Frankie's hash, I think suffers from collisions when the value range is large, because of using the modus operator for nHashIndex.
And using a more complex hash function leads to other problems.
I managed to speed up Frankie's method but gave up when I saw problems with collisions.
Frankie may know of a way around the problems though.
John
John, hashing always will generate collisions, this is the standard way it works on a finite size table.
In our case if you dimensions an hash table of 2^32 elements the hashing function
h = Val % 2^32 will be a perfect hashing
You will have no collisions and direct access to all keys, but at price of an huge memory usage.
With a reduced dimensions table you can have some benefit of direct access and some loop iteration in extended buckets. In my sample using a table that is 1/100th of array syze = 200k values the maximum looping is 2^32/200k = 21475 elements (extended buckets).
To speed up this you can use, as I mentioned on my original post, a rehashing method.
Rehashing means that the extended buckets will be an hash subtable were a new hash will allow direct addressing.

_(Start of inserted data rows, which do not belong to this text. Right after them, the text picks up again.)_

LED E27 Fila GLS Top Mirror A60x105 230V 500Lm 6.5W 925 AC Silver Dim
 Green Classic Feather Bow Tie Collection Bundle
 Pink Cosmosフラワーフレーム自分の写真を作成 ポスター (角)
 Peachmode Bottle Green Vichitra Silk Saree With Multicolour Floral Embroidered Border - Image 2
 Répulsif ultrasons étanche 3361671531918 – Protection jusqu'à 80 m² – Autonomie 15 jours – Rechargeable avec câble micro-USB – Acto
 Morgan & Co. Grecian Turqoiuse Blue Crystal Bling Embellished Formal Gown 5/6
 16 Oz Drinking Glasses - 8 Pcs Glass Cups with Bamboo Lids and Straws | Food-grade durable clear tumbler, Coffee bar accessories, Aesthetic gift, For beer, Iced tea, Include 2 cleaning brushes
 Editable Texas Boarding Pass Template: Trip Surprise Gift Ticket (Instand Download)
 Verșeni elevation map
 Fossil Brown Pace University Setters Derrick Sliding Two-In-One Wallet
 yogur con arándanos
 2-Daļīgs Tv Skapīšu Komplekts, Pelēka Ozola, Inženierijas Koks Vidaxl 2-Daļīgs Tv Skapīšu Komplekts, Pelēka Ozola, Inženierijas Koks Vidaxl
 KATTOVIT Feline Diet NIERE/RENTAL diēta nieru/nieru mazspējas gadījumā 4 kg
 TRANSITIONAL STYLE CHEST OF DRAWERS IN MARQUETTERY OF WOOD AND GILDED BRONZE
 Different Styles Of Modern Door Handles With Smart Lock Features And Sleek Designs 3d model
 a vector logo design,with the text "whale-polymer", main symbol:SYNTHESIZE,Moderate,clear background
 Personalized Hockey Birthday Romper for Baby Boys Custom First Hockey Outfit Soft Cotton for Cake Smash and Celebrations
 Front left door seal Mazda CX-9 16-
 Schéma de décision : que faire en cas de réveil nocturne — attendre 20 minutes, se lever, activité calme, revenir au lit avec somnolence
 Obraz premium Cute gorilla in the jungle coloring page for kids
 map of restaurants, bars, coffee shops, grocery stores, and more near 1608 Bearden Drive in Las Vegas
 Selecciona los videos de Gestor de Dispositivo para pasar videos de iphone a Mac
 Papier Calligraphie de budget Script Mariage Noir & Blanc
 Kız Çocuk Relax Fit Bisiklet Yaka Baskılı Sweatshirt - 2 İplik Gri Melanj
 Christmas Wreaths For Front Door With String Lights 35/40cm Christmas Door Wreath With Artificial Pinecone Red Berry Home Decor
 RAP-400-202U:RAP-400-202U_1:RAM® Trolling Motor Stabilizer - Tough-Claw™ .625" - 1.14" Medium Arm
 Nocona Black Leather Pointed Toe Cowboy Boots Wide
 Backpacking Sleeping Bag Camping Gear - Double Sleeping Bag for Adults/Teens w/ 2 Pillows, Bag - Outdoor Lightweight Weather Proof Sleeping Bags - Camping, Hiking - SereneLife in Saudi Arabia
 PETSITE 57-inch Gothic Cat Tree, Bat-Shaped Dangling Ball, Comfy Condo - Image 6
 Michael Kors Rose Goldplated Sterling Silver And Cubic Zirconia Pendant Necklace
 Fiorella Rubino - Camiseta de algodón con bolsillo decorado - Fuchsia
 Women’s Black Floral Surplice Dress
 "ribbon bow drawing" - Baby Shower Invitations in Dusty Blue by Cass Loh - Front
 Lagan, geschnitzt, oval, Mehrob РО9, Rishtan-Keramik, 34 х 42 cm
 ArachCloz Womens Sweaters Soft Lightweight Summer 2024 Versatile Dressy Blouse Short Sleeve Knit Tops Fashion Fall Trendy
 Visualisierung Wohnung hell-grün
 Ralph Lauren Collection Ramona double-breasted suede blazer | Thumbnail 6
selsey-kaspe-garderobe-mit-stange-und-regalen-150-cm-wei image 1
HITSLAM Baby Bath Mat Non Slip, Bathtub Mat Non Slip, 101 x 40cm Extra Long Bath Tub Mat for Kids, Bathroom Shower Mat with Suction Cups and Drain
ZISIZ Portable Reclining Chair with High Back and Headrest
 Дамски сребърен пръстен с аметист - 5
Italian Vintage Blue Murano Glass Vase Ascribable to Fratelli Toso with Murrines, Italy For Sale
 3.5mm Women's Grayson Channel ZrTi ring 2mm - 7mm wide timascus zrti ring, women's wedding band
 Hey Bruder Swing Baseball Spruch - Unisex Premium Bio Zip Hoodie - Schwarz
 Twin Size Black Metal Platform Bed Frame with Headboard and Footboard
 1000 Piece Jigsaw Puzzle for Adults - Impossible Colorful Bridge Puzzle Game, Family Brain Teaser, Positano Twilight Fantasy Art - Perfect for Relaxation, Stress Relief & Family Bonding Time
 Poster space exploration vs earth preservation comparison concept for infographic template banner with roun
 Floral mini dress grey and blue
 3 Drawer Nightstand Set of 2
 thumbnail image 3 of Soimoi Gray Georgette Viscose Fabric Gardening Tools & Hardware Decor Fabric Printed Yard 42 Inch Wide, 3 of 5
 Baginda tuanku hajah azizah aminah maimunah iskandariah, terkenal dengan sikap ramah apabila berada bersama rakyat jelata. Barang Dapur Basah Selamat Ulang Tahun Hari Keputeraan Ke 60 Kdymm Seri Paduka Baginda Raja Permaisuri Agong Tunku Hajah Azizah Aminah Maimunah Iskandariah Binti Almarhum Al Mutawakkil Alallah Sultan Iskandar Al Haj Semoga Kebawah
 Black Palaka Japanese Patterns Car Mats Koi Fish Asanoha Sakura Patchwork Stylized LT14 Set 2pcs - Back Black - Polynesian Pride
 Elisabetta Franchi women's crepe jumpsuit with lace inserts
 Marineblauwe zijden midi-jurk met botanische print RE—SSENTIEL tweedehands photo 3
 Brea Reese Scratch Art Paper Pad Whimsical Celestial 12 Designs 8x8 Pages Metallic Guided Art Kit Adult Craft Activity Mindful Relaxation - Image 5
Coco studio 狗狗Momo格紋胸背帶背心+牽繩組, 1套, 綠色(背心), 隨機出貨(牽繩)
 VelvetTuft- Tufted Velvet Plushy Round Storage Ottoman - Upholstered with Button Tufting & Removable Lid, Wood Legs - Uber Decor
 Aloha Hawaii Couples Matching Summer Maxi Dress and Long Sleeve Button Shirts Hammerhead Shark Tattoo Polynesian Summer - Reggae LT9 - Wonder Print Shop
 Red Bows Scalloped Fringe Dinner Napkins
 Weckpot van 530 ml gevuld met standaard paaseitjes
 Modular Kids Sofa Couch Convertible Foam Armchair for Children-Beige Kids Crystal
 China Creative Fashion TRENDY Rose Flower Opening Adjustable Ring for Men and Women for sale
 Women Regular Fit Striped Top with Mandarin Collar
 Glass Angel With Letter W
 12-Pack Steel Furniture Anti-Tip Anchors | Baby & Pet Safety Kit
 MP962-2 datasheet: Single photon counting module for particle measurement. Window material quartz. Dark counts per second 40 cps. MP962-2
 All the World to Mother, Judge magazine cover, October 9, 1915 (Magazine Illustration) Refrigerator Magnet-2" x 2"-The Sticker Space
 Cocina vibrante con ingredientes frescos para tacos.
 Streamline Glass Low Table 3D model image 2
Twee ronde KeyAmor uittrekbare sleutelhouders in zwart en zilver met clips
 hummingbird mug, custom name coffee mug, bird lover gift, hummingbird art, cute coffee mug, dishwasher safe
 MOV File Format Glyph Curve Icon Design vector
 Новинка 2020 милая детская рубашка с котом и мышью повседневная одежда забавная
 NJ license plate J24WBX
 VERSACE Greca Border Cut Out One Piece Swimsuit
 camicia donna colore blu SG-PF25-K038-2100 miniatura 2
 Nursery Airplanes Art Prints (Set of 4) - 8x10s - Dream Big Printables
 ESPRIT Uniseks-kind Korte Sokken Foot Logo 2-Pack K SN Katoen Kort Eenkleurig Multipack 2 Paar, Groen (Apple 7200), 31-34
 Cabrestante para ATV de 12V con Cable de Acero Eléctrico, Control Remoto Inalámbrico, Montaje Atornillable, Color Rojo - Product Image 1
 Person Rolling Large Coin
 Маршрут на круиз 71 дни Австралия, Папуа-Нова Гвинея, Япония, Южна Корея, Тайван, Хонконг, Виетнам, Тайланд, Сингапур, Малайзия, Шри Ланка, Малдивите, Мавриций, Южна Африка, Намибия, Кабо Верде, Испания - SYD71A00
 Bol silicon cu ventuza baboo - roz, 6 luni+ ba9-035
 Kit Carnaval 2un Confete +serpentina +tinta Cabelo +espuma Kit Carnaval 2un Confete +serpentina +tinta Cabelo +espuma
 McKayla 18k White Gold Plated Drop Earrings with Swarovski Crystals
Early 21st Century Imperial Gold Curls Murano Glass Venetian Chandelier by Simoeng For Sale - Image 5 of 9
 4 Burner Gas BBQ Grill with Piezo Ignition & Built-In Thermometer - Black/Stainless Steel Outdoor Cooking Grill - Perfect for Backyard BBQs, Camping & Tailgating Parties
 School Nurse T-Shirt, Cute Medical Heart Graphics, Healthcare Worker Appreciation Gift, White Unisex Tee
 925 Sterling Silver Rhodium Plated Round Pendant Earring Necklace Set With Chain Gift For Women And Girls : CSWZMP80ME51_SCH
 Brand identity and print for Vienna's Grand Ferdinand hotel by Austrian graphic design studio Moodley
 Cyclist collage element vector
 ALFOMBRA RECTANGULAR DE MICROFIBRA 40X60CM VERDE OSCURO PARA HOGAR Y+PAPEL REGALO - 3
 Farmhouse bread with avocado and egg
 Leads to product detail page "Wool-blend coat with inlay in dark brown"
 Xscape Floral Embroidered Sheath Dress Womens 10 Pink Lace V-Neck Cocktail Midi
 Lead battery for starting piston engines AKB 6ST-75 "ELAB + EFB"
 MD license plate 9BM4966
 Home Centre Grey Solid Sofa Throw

The sub-hash function can be
Sub_hash = (Val%Main_Hash_Table_Size) % Hash_SubTable_Size, this will cover all indexes in the subtable. Still if the subtable is not big enough to get all values you will have extended buckets.
Proceeding this way you can have as many subtable as you want, and you can also decide to what extent keep the looping. The looping will be on how many possible extended buckets can exist after the permitted subhashing levels and their tables dimensions.
The advantage is that the subtables, as the extended buckets in standard hashing, will be created when necessary reducing the memory usage. Of course subhashing uses more memory of standard hashing because it can create a full dimension subtable even if only one value has to be stored, where the standard hashing would have created a single bucket.
Another optimizing way is to use the so called 'dynamic hashing', in this case the whole system is dynamic menaning that tables, subtables and hashing changes dynamically with the table contents. You can found info on dynamic hashing
here and
here.
Anyway you have to consider also the cost of dynamic handling in terms of memory allocation, the more you play with memory OS function the more time you spend. The point is always the same the right method have to be a correct balance between speed and memory requirement.
P.S. Be carefull with removing collisions, perfect hashing will lead to
2*sizeof(DWORD)*2^32 memory usage!